Light Fails to Turn Off

Scenario

  • Missed occupancy clear
  • Sensor ambiguity

Required Behavior

  • Prefer leaving light on
  • User can manually turn it off
  • Automation backs off after manual action

Severity

  • L0–L1

Camera & Vision Failures

Required Behavior

  • No alerts unless explicitly safety-related
  • No repeated “camera unavailable” spam
  • Camera absence must not affect lighting or occupancy

Severity

  • Single camera: L1
  • Multiple critical cameras: L2 (operator-only)

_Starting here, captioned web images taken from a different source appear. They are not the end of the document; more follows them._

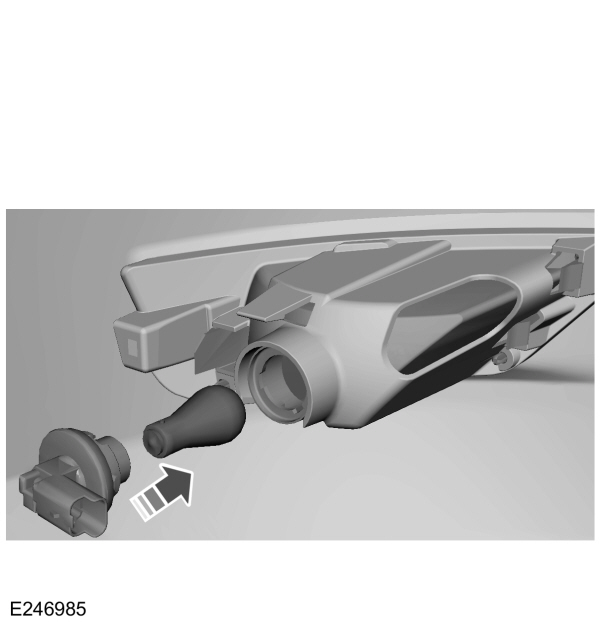 Image Shown Without Description
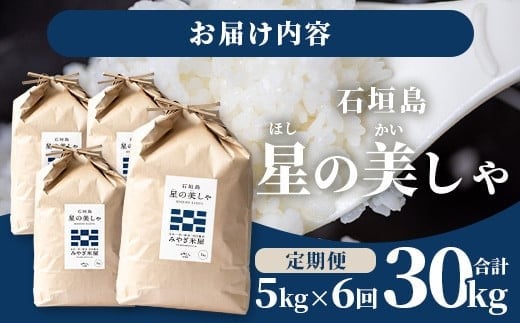 【定期便６回】6ヶ月連続お届け 石垣島産 星の美しゃ（ほしのかいしゃ）30kg（5kg×6回）【 日本一早い新米の産地 ふるさと納税 沖縄県 石垣市 石垣島 米 星 星の美しゃ】MK-7
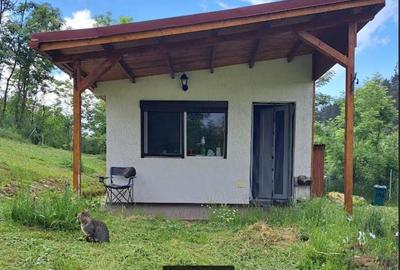 PF vand teren 1200mp cu casa intabulate,18km de Cluj, intravilan CF, cadastru, Micesti com.Tureni - 4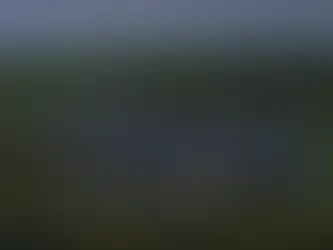 Renewables met 53% of Portugal's power demand in July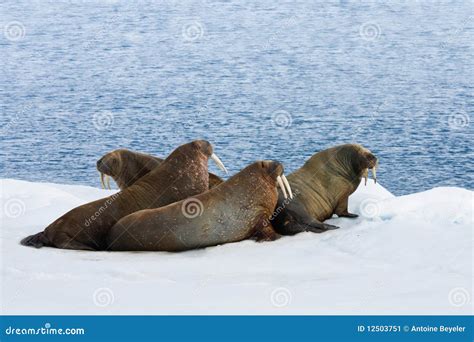 Four Walrus Lying On The Snow Stock Image - Image: 12503751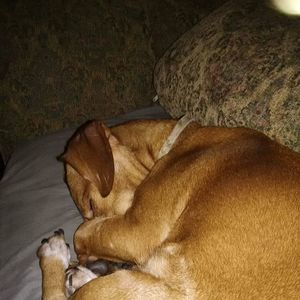 Meet your Posher, Tammy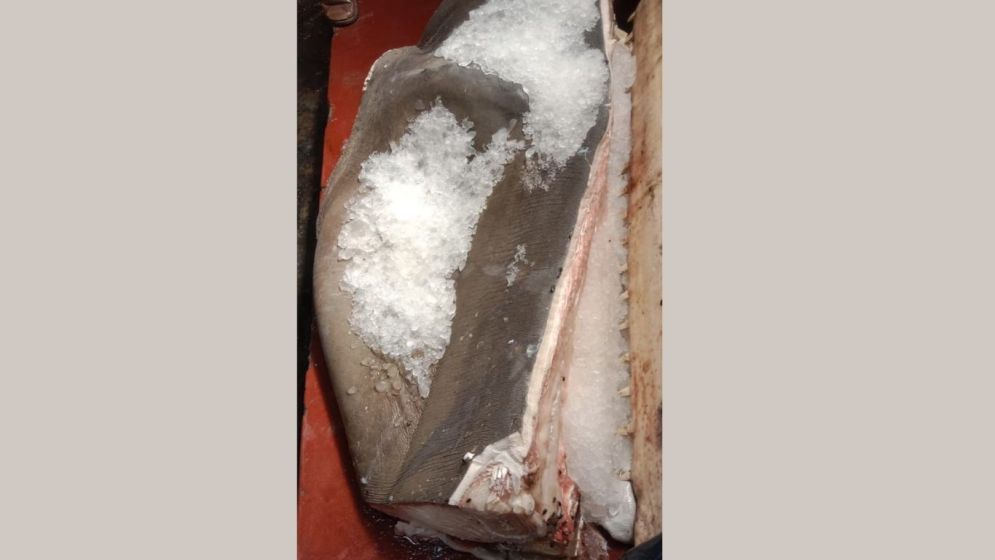 Parts of endangered fish recovered in Pirojpur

AI Detection Failure (Frigate / TPU)

Scenarios

  • False negatives
  • False positives
  • AI service offline

Required Behavior

  • Default to silence
  • No motion-only alerts
  • Do not escalate uncertainty

Severity

  • L0–L1

Energy & Power Failures

Utility Power Outage

Required Behavior

  • If generator starts normally → no notification
  • If generator fails → actionable alert
  • Avoid repeated alerts during extended outage

Severity

  • Generator success: L0
  • Generator failure: L3

Solar / Inverter Data Loss

Required Behavior

  • Energy-based automations pause
  • Comfort is preserved
  • No notifications unless outage is abnormal

Severity

  • L1

Vehicle Integration Failures

Cloud API Failure (Tesla / Rivian)

Required Behavior

  • Vehicle state freezes gracefully
  • No retries that drain vehicle battery
  • No notifications

Explicit Rule Vehicles are never mission-critical.

Severity

  • L0–L1

Network Failures

Internet Outage

Required Behavior

  • All local automations continue
  • Lighting, sensors, cameras remain functional
  • No notifications unless safety-related

Severity

  • L0

LAN / Wi-Fi Degradation

Required Behavior

  • Wired systems continue unaffected
  • Wireless sensors may degrade silently
  • No cascading logic failures

Severity

  • L1

Ingress / Reverse Proxy Failures

Nginx Proxy Manager Down or Misconfigured

Expected Causes

  • Container crash, upgrade, or bad host config
  • Router forwarding to wrong internal port (e.g., 3000 instead of 80/443)

Required Behavior

  • Private services remain isolated (no host port exposure)
  • Operator can access HA via LAN IP + 8123 if needed
  • Restore by ensuring WAN 80/443 → NPM and services on nginx-proxy_default

Notification Policy

  • Operator-only alert (once), with clear remediation steps

Severity

  • L1

Open WebUI Accidentally Exposed on Host Port

Scenario

  • Container mapped 8080→3000 and router forwards external 80→3000

Required Behavior

  • Remove host port mapping and attach container to NPM network only
  • Validate reachability from NPM container by name and internal port

Severity

  • L1

Notification Failure Modes

Notification Delivery Failure

Required Behavior

  • Do not retry aggressively
  • Log locally
  • Avoid escalation unless safety-critical

Severity

  • L1

AI Coding Guardrails (Critical)

Any AI-generated change must:

  • Read and align with the Framework, Rules, Intent, Integrations, and this Failure Modes file before emitting code
  • Prefer deterministic, reversible automations; default to silence on uncertainty and notify only when actionable
  • Avoid adding new cloud dependencies, UI requirements, or exposed ports/credentials
  • Document one-sentence intent, failure mode, and cooldown/override for every automation; avoid hidden coupling
  • Ship incrementally (observe → assist → full), with safe rollbacks and operator-visible diffs

If a proposed change violates these guardrails, it must be rejected or redesigned.